Grands déficits en matière de développement durable
Les aspects écologiques ont été presque complètement exclus de la discussion jusqu’à présent. Cela est probablement dû avant tout au fait que l’industrie sucrière a commandé plusieurs études qui attribuent un bon bilan écologique à la culture sucrière suisse. Cela a donné l’impression que tout va au mieux dans ce domaine. Mais les résultats des études ont été fondamentalement remis en question par des organisations environnementales, et les déclarations ont été critiquées comme étant tendancieuses.
Le fait est qu’en comparaison avec d’autres grandes cultures en Suisse, la culture de la betterave sucrière a recours à des quantités particulièrement importantes de pesticides. Parmi eux, il y a certaines substances actives parmi les plus toxiques, dont l’interdiction a été demandée à plusieurs reprises. Par exemple l’insecticide chlorpyrifos qui est extrêmement toxique même en très petite quantité autant pour les hommes que pour les animaux, et qui a un effet nocif sur la reproduction et les nerfs (voir encadré 1).
Comme le sol des champs de betteraves reste longuement nu, les betteraves sucrières font partie des cultures les plus soumises à l’érosion. Les pesticides utilisés sont ainsi très facilement emportés dans les eaux de surface en cas de pluie. De nouvelles mesures montrent que par exemple le chlorpyrifos est présent dans la plupart des cours d'eau étudiés et nuit gravement aux microorganismes.
En plus de l’ampleur de l’utilisation des pesticides dans les betteraves sucrières cultivées traditionnellement, il y a le problème du compactage du sol. La récolte des betteraves intervient généralement à la fin de l’automne. En raison des conditions souvent humides, le sol est alors particulièrement sensible aux contraintes mécaniques. C’est pourtant dans les cultures de betteraves sucrières que sont utilisées les machines les plus lourdes, laissant derrière elles une image d’horreur: un compactage irréversible du sol qui compromet la croissance des cultures suivantes pour de nombreuses années.

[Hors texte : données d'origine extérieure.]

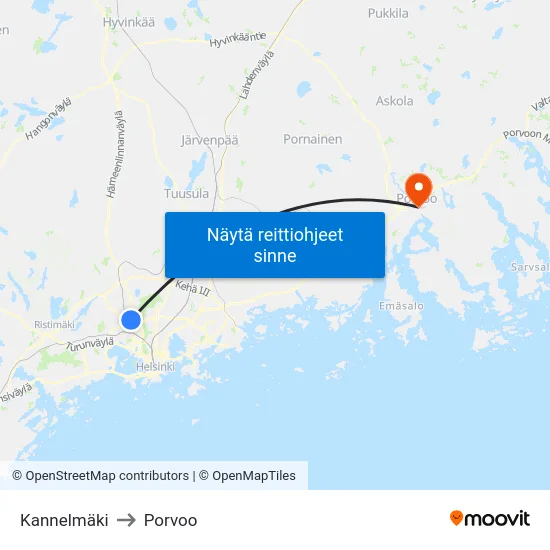 Kannelmäki to Porvoo map
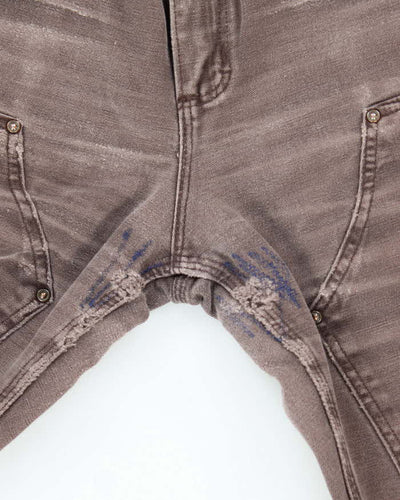 Vintage Carhartt Brown Faded Double Knee Carpenter Trousers - W28 L30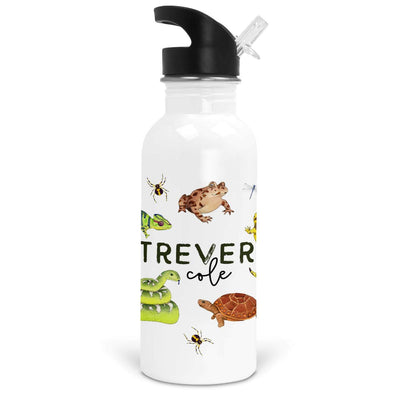 reptile personalized kids water bottle 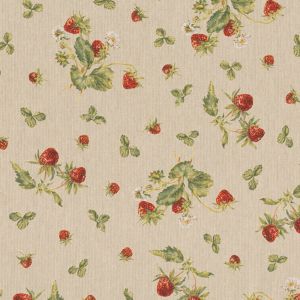Tissu coton &eacute;pais bachette effet lin motifs fraises sauvages - Mondial Tissus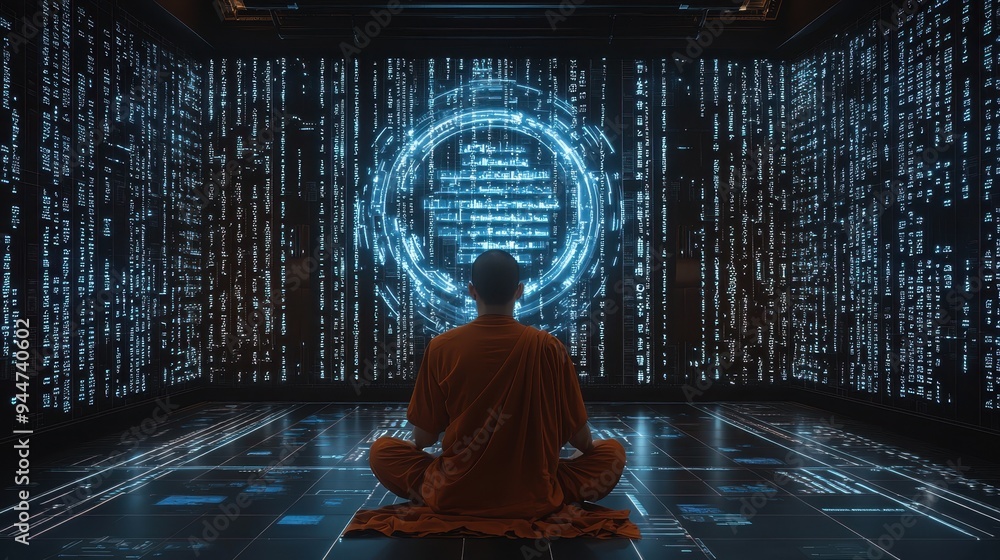 Poster monk meditating in front of glowing digital interface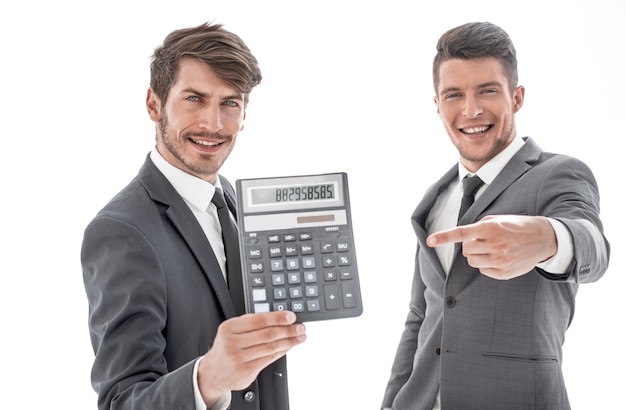 Men in suits hold a calculator in office closeup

Alternatives à la culture de la betterave sucrière dangereuse pour l’environnement
Et si nous arrêtions de produire du sucre en Suisse? Une importation de sucre de betteraves de l’étranger ne serait guère plus écologique, mais serait plus de moitié moins chère que la matière première indigène.
Du point de vue écologique, seules deux solutions semblent meilleures: un remplacement par du sucre fair trade serait doublement avantageux car il est produit avec beaucoup moins d’engrais et de pesticides et est de plus bien meilleur marché. Une autre solution consisterait à ne verser des subventions qu’aux cultures raisonnablement écologiques pour la production de sucre indigène, ce qui est tout à fait possible (voir encadré 2). La superficie consacrée à la betterave sucrière pourrait être un peu réduite et la transformation rassemblée sur un seul site de production (au lieu de deux actuellement). Et la sécurité de l’approvisionnement serait ainsi toujours parfaitement assurée.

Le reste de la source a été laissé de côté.